Let’s dive straight into some use cases for our A/B testing feature. How can you harness this tool to compare the Key Performance Indicators (KPI) between variants within your game? What are some real examples you could apply?
The following use cases will be covered:
- Use Case 1: Changing the starting in-game (resource) currency in a RPG game
- Use Case 2: Changing the speed of the ball in an arcade game
- Use Case 3: Changing the initial puzzle levels in a puzzle game
- Use Case 4: Changing the card animation in a casino game
Here is a glossary of terms that are mentioned in the use cases.
|KPI||Key Performance Indicator. A way to measure performance and evaluate the success of your game.|
|IAP||In-App-Purchases. Players may perform In-App-Purchases with real money to buy something within the game (e.g. a character skin).|
|Retention Day X||The percentage of users that came back to play the game X days after installing.|
Use Case 1: Changing the starting in-game (resource) currency in a RPG game
‘What happens when I change the number of coins a player starts with in my RPG game? How does it affect Day 7 retention?’

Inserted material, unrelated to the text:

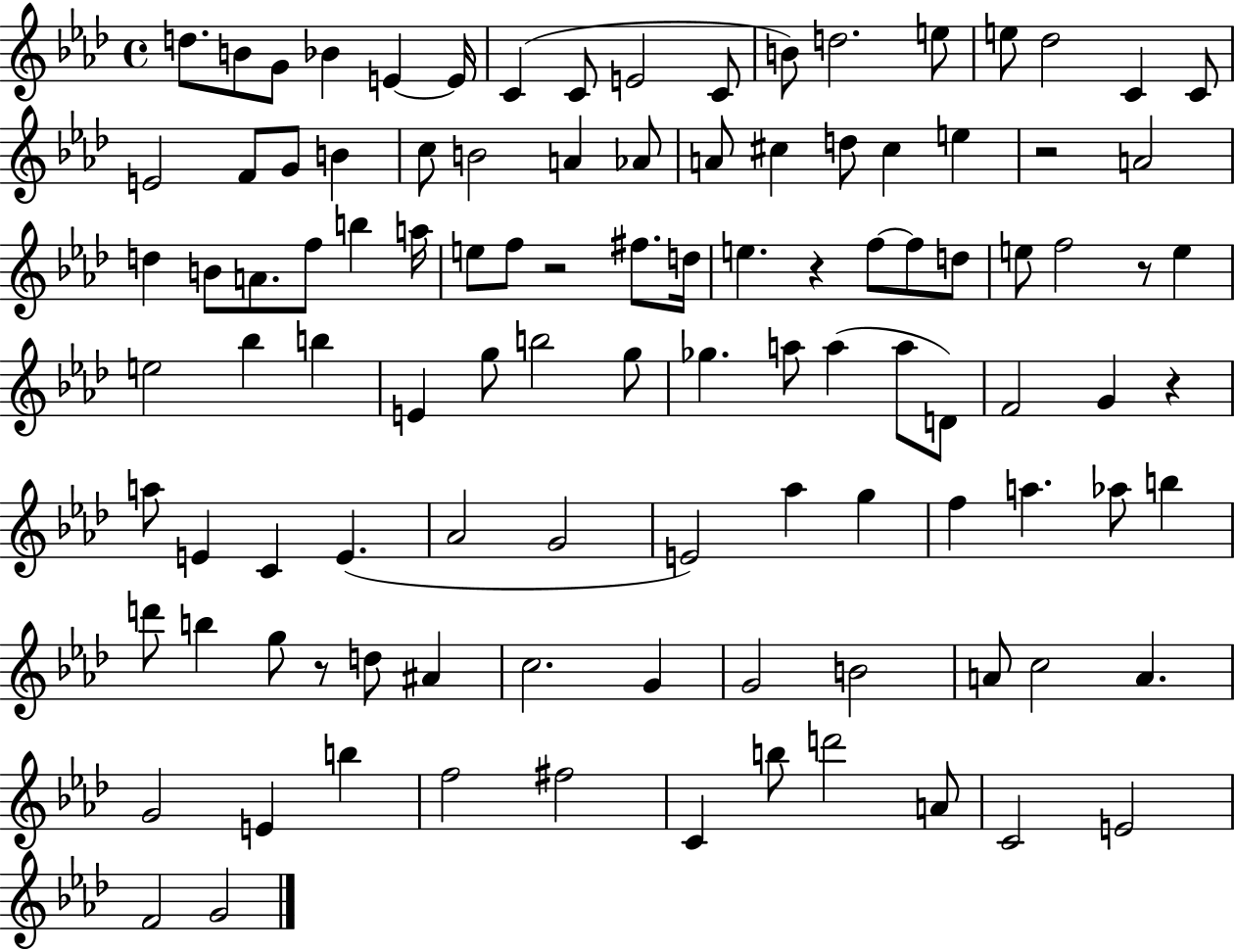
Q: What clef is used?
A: treble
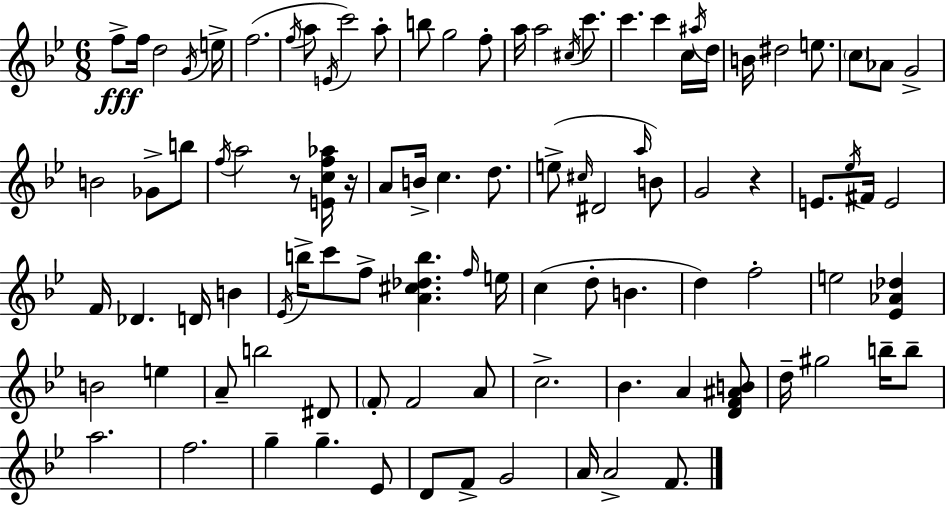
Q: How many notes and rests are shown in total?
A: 97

Let’s assume you have an RPG game and you want to test different scenarios where your players start with a different amount of coins. How would that affect their behaviour? Would an increase in coins improve the core KPIs? Would it reduce D7 Retention? These questions can be answered by using A/B testing.
In this use case we’ll have the control group, which is the default value (600 coins) and 2 variants: Coins800 (800 coins) & Coins1200(1200 coins). After you run the test, you’ll get results as shown below where you can draw various conclusions:
In this example, we can see that increasing the coins also increases Day 7 retention for both variants (800 & 1200). Both of these variants have a higher probability of being the best over the default starter coins (600). The playtime looks fairly similar between all variants, so it’s difficult to draw a conclusion there. What’s really interesting is that 800 actually has a higher Day 7 retention than 1200, even though the players started with less coins. This also means that the variant of 800 coins has a higher probability to be the best over the 1200 coin variant. We’ll check the other core KPIs below:
Similar to the table above, we notice that both variants with higher coins have better KPIs overall, so they have a higher chance of being the best. We also notice that from Day 1 to Day 6 retention, 1200 coins has very slightly higher numbers, however for Day 7 retention (which is the Goal Metric), the 800 coin variant is higher slightly. We can perhaps explain this because when players start with 1200 coins, they would most likely scale a lot quicker (in game) compared to when they start with less coins, and perhaps lose interest quicker as well as a result.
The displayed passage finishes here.